Barreiras para a adoção em larga escala
Quando questionada sobre as barreiras para a adoção do cânhamo na indústria têxtil, Eduarda aponta para a legislação e a infraestrutura como os principais desafios: “O principal desafio enfrentado pela indústria relacionado à produção de fibras de cânhamo se relaciona com questões legislativas, na maioria dos países, além de questões técnicas (muitos países, como o Brasil, não possuem maquinário adequado para o beneficiamento das fibras de cânhamo)”.
Essa falta de maquinário reflete um problema identificado no relatório do Instituto Ficus, que aponta para a ausência de uma cadeia produtiva robusta no Brasil. Segundo o relatório, o país possui condições climáticas ideais para o cultivo, mas carece de infraestrutura e políticas públicas que fomentem o desenvolvimento do setor.

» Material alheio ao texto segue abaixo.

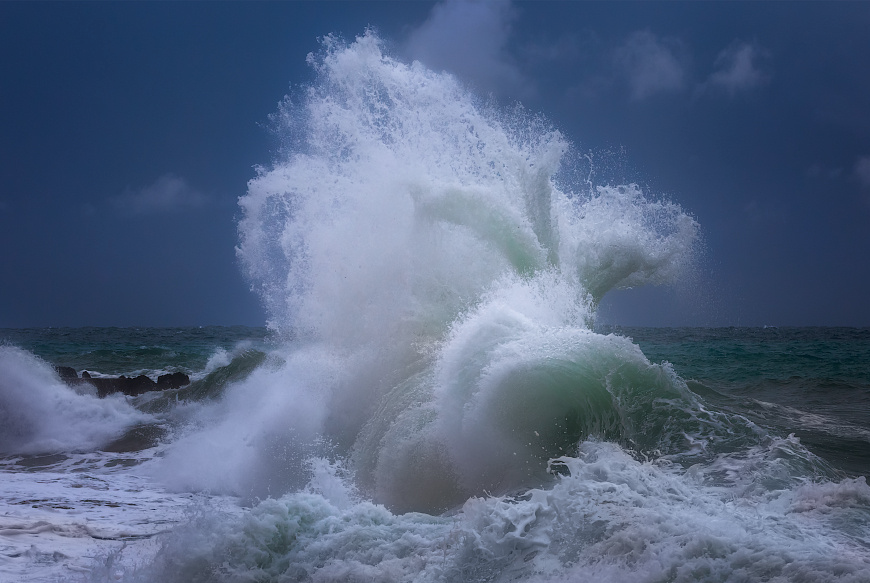 nubbsgalore:  explossions in the sea. photos by giovanni allievi along the italian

Além disso, a fragmentação do mercado e a falta de incentivos governamentais são apontados como barreiras significativas.
Moda e conscientização ambiental
Eduarda também reforça a importância da moda como ferramenta de conscientização: “O cânhamo tem potencial de ser protagonista na conscientização de questões ambientais - desde que cultivado de maneira correta”. Ela explica que a maioria dos tecidos de cânhamo atualmente utilizados passa por processos para se misturar ao algodão, o que pode comprometer parte dos benefícios sustentáveis da fibra: “Esse processo não só enfraquece e elimina da fibra várias características que seriam sustentáveis, mas também aumenta a pegada de carbono do material”.
O Instituto Ficus enfatiza que a transparência na cadeia produtiva e a adoção de padrões sustentáveis são cruciais para que o cânhamo realmente contribua para uma moda circular e regenerativa.
Estratégias para ampliar a percepção do consumidor
Questionada sobre como aumentar a conscientização do consumidor sobre o cânhamo, Eduarda destaca: “Para que a indústria aumente essa percepção, são necessárias mais informações baseadas em dados científicos para evitar o greenwashing”. Ela sugere que a indústria invista em educação do consumidor e parcerias com agricultores locais para promover práticas sustentáveis.
Dados do Instituto Ficus também apontam que campanhas de conscientização e incentivos fiscais poderiam impulsionar o consumo de produtos de cânhamo no Brasil, ajudando a desmistificar a planta e ampliando sua aceitação.